* _DATA RECORDS_

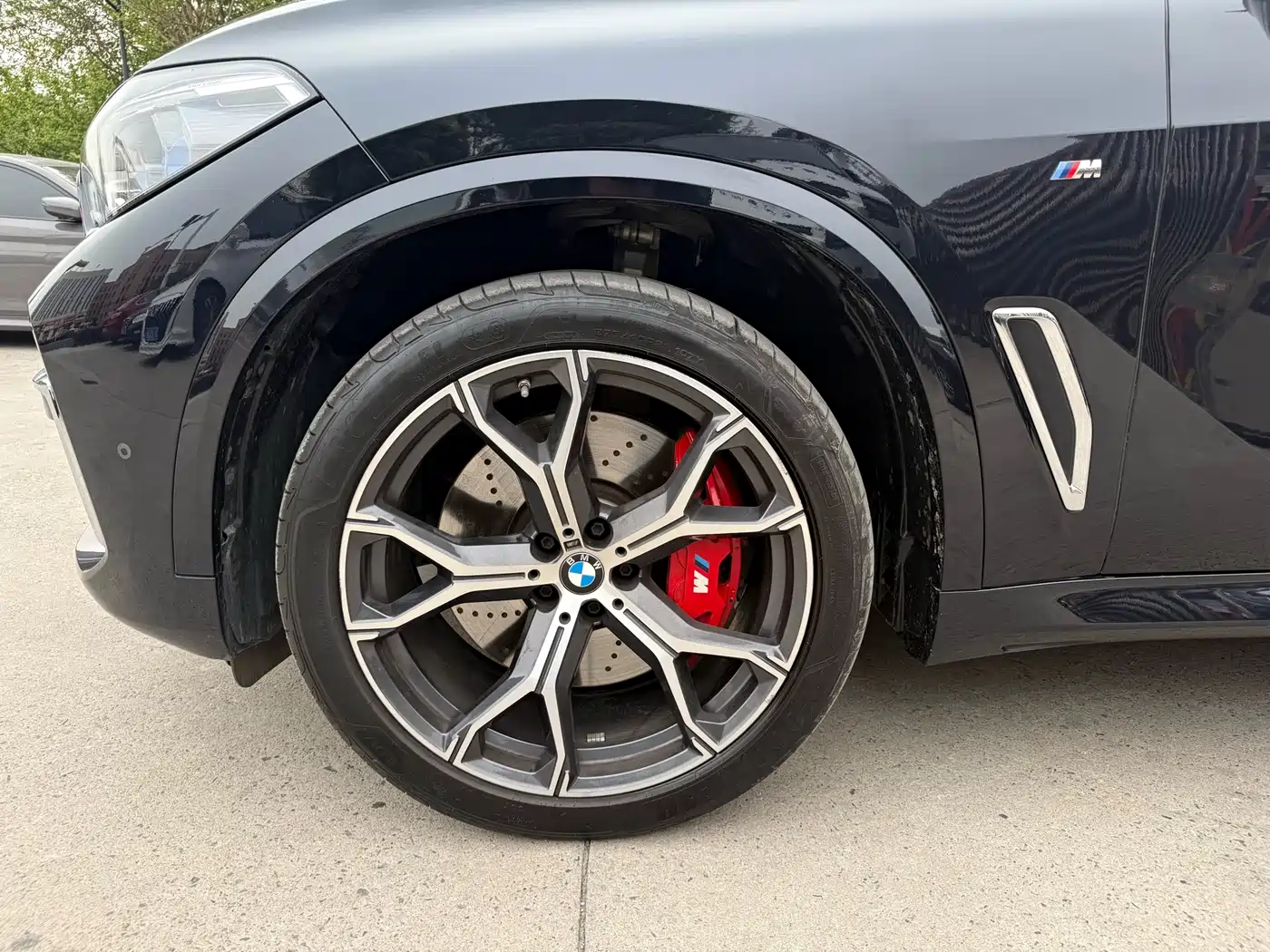 BMW X5 2022 Model xDrive 40Li M Sport Package фото 3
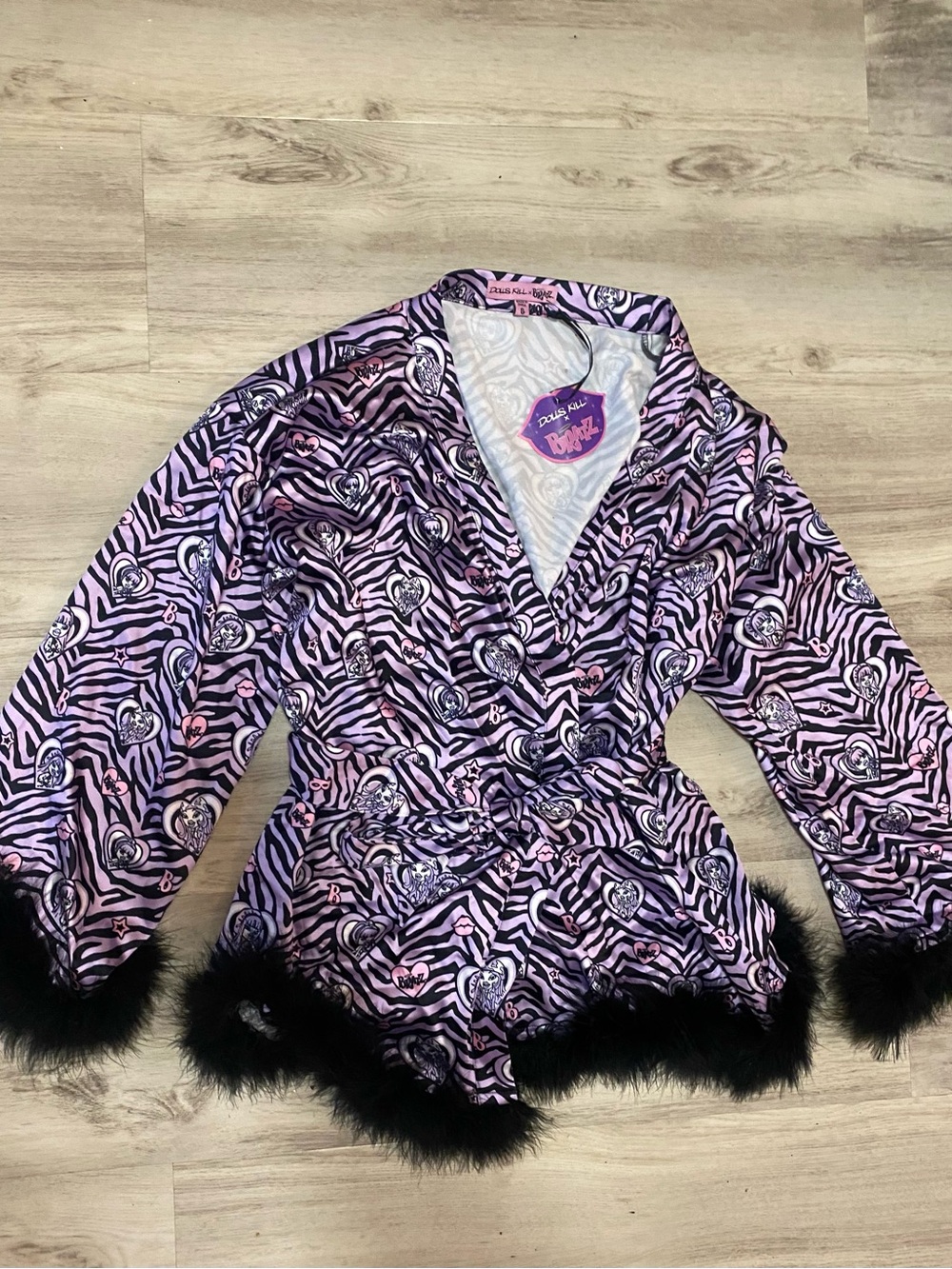 Dolls Kill x Bratz Wild At Heart Satin Robe- NWT - Picture 5 of 13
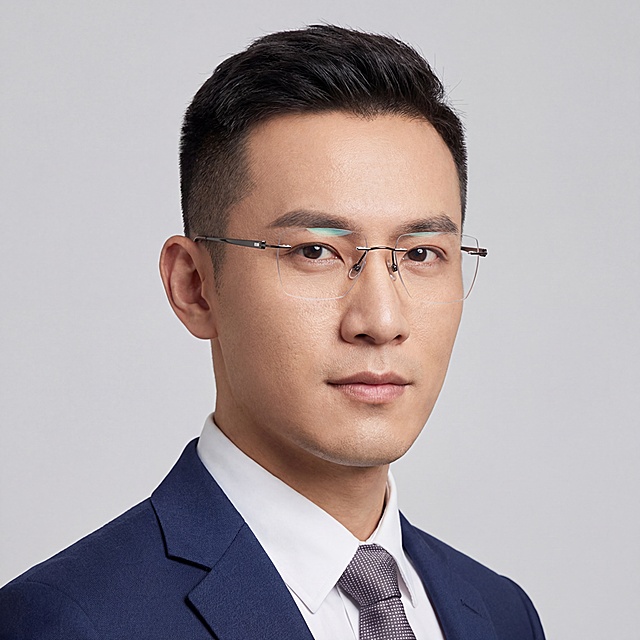 30岁左右的亚洲男生佩戴这副无框多边形眼镜，商务干练风格，自然清晰的人像展示，干净的背景，突出眼镜的佩戴效果
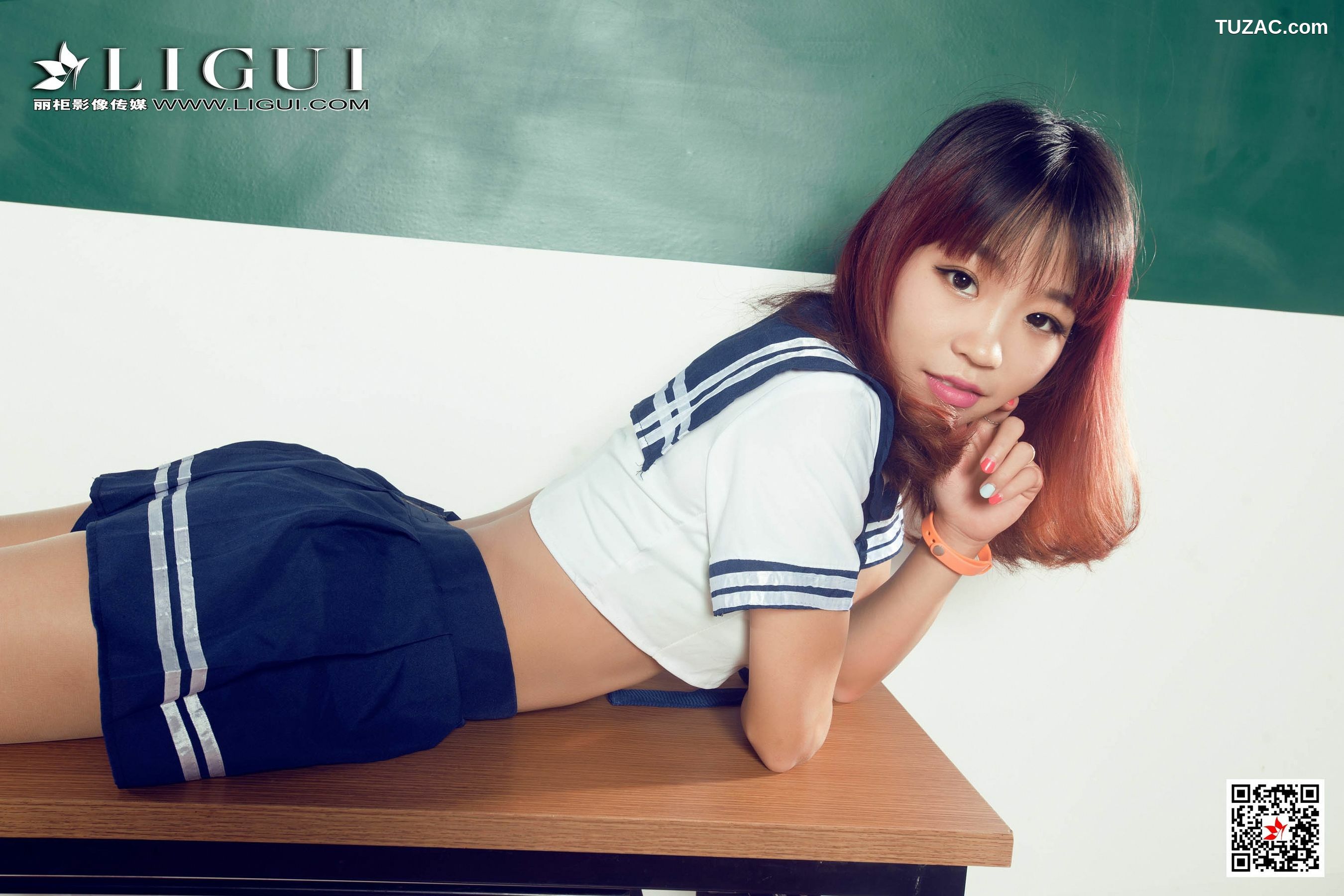 丽柜_腿模ALAN《教室丝足高跟》 写真集[77P]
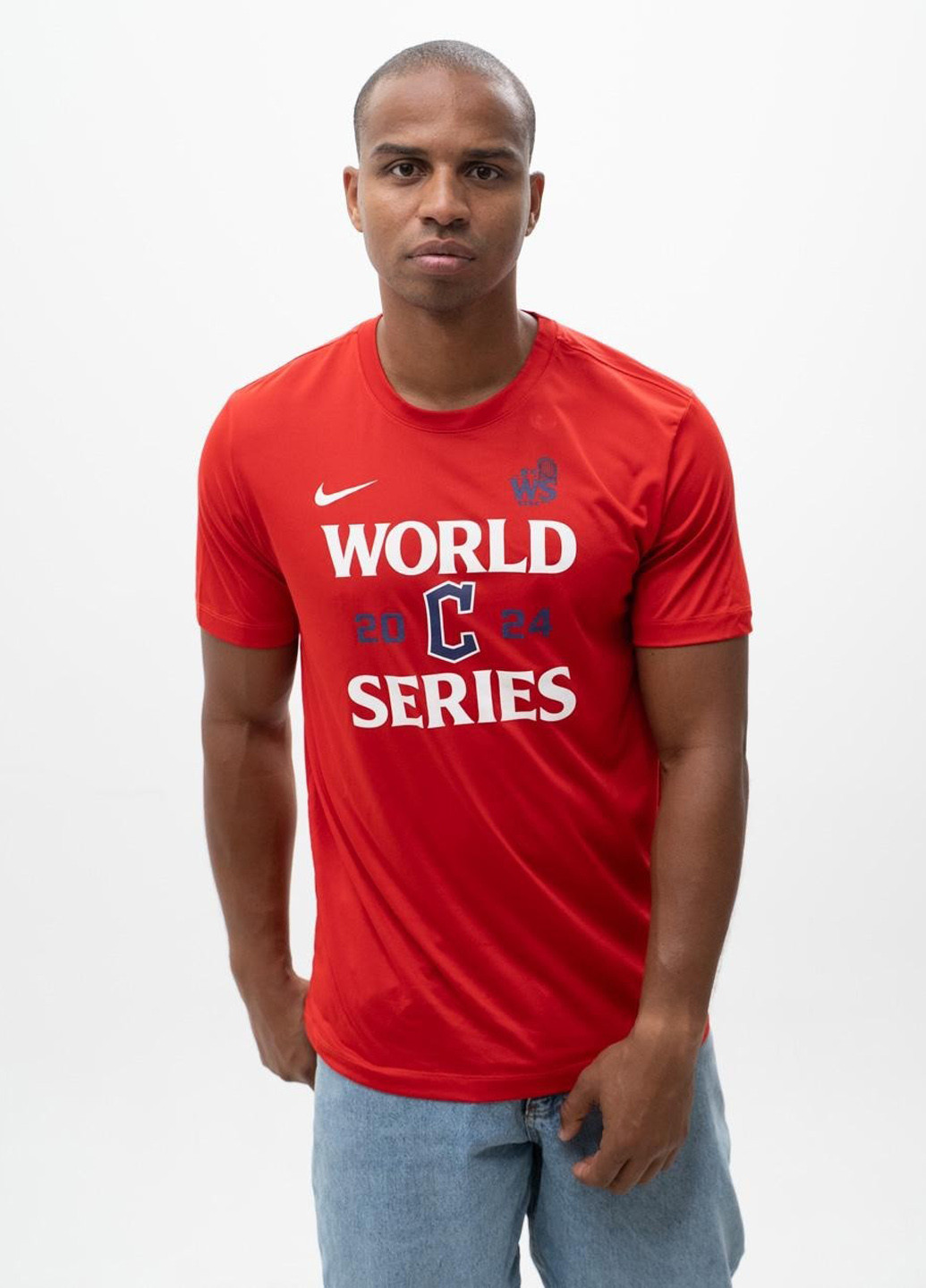 Красная футболка Nike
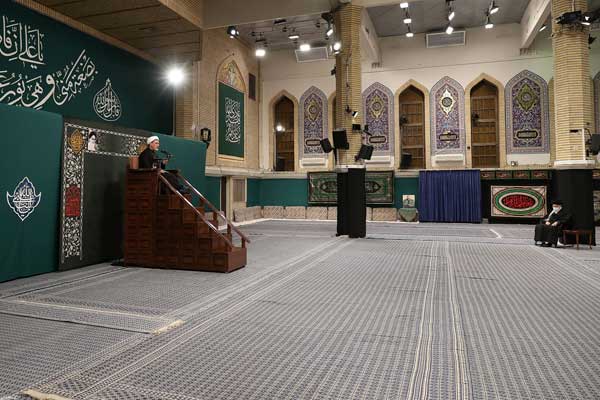 مراسم عزاداری شام شهادت حضرت زهرا (س) با حضور رهبر معظم انقلاب (+تصاویر)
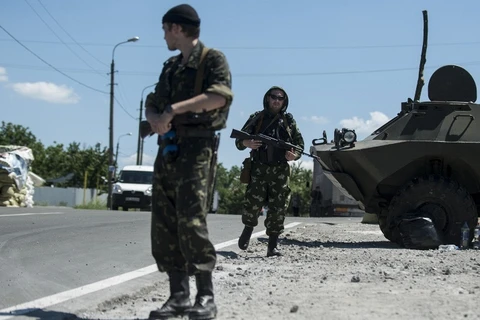 Quân đội Ukraine đụng độ quân ly khai gần biên giới Nga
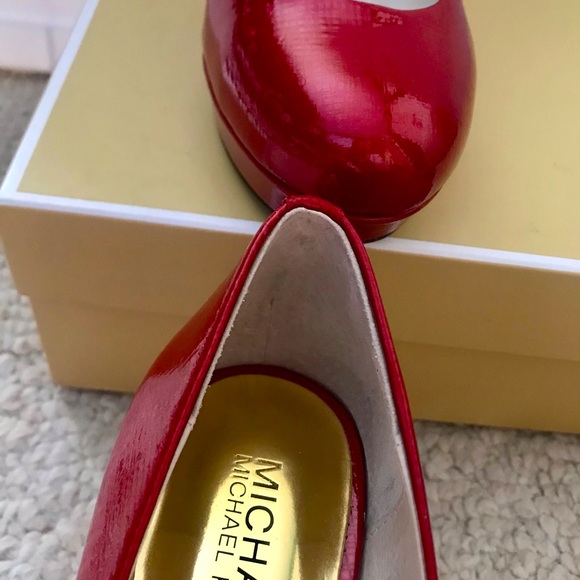 Michael Kors Red Heels Size 8 - Picture 4 of 6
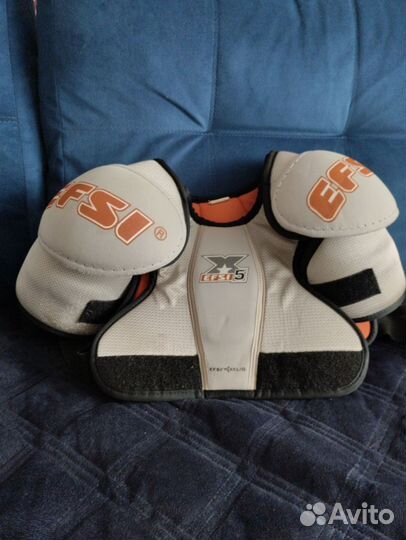 Нагрудник хоккейный sr l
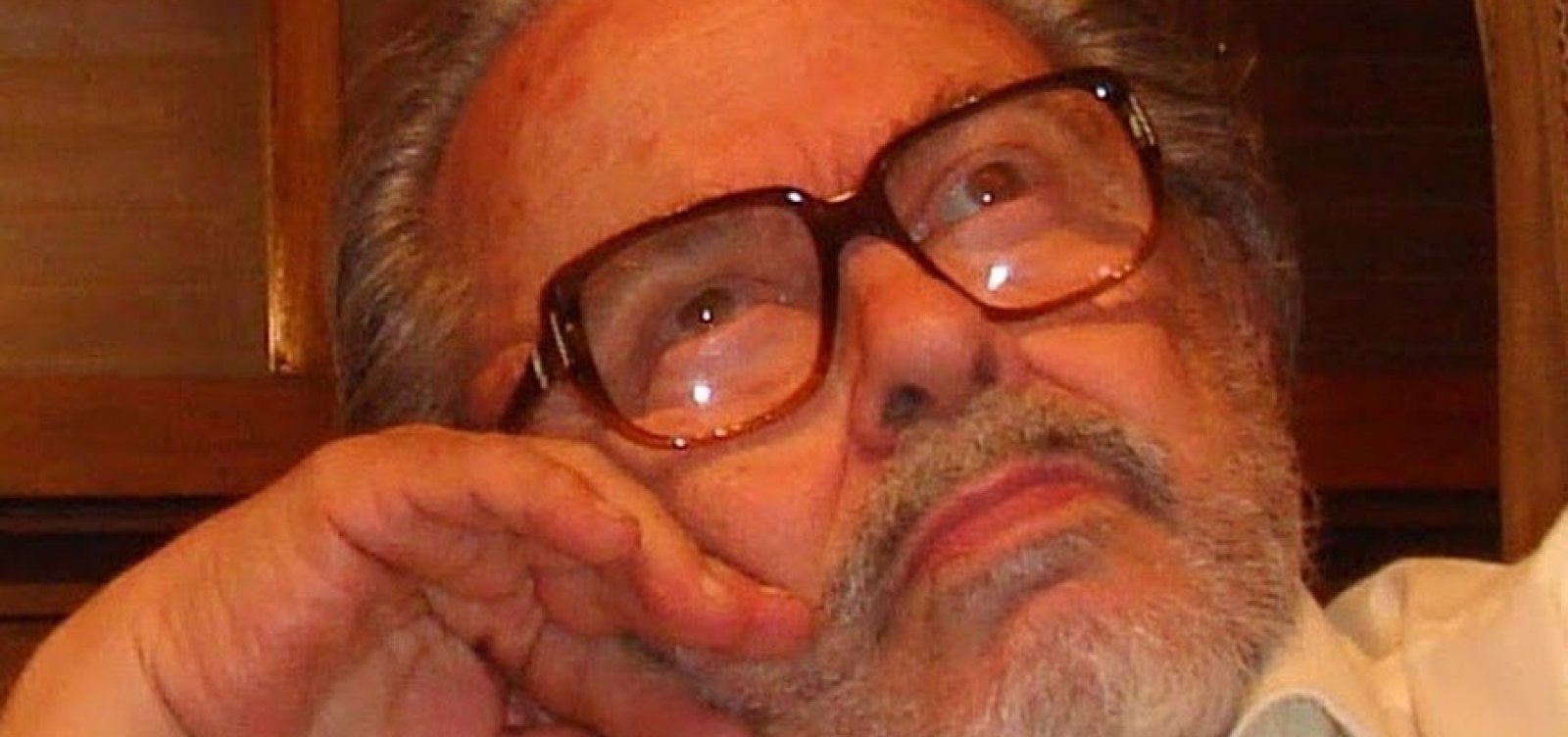 Morre o poeta Florivaldo Menezes, aos 88 anos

* _DESCRIPTION OF THE TASK_
Leave the pictures out and retype only the lines from the line with "Quân đội Ukraine" through the final line of the material, both ends included, word for word.

* _ANSWER SECTION_
 Quân đội Ukraine đụng độ quân ly khai gần biên giới Nga
 Michael Kors Red Heels Size 8 - Picture 4 of 6
 Нагрудник хоккейный sr l
 Morre o poeta Florivaldo Menezes, aos 88 anos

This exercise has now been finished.